When she was her normal self again, I had her spayed. Yet lustful notions continued to assail her. Their object was a docile Alsatian, owned by Tony and Andy, two brothers who lived in the street. Whenever she saw him she would lie on her back and open her back legs invitingly, to the great amusement of the boys. She often tried to fellate him, and Circe and Max had to be pulled back on their leads. She remained faithful to Max until the end, rubbing her nose against his to assure him he was the only dog in the world for her.
Toby and Jumbo
There were many grand funerals in London in 1823, but one of the grandest – certainly the most unusual – was given in honour of a beggar named Billy Walters. Billy had one leg and played the violin. He was also black. It is indicative of his charm, his musical skills and his courteous demeanour, that the city streets were crammed with mourners, the overwhelming majority of whom were white.
Billy was the envy of London’s regular vagrants, who were either moved on by the police or carted off to the workhouse. The more inventive and resourceful among them blackened their hands and faces and whatever parts of the body that were visible in order to attract some of his sympathetic custom.
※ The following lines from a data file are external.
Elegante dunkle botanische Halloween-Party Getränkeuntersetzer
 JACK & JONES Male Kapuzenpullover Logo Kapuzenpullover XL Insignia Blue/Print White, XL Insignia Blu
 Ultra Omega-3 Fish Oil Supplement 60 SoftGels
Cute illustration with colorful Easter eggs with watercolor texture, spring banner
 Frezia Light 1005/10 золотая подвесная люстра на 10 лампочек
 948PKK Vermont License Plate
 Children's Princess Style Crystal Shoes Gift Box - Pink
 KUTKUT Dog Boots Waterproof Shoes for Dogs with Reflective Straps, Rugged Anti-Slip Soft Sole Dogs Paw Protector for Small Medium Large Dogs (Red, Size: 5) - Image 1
Hair must have been problematical for them, and blue or green eyes. These pretend-Negroes, it is safe to assume, lacked Billy’s panache, his talent on the fiddle, as well as his missing limb. They could not match his success, hard as they tried. He was genuine, and they were fakes.
Another black mendicant who is remembered, if only faintly, in works of social history is Joseph Johnson. He was almost as celebrated in the capital as Billy, and is credited as being the first known beggar to make use of a dog. Joseph’s canine accessory was called Toby and the inseparable couple stirred hearts to pity. Two pairs of dark, sad eyes proved more financially rewarding than one.
‘Toby’, in fact, became one of two generic names for a begging dog. The other was ‘Jumbo’, which was given to plumper, healthier-looking beasts. A skinny black beggar, with his bones showing through his flesh, would keep Jumbo by his side to show his compassionate patrons that he had neglected his own welfare in his pet’s interests. Apprentice beggars could choose between a Toby or a Jumbo before they decided to earn their living in the great outdoors.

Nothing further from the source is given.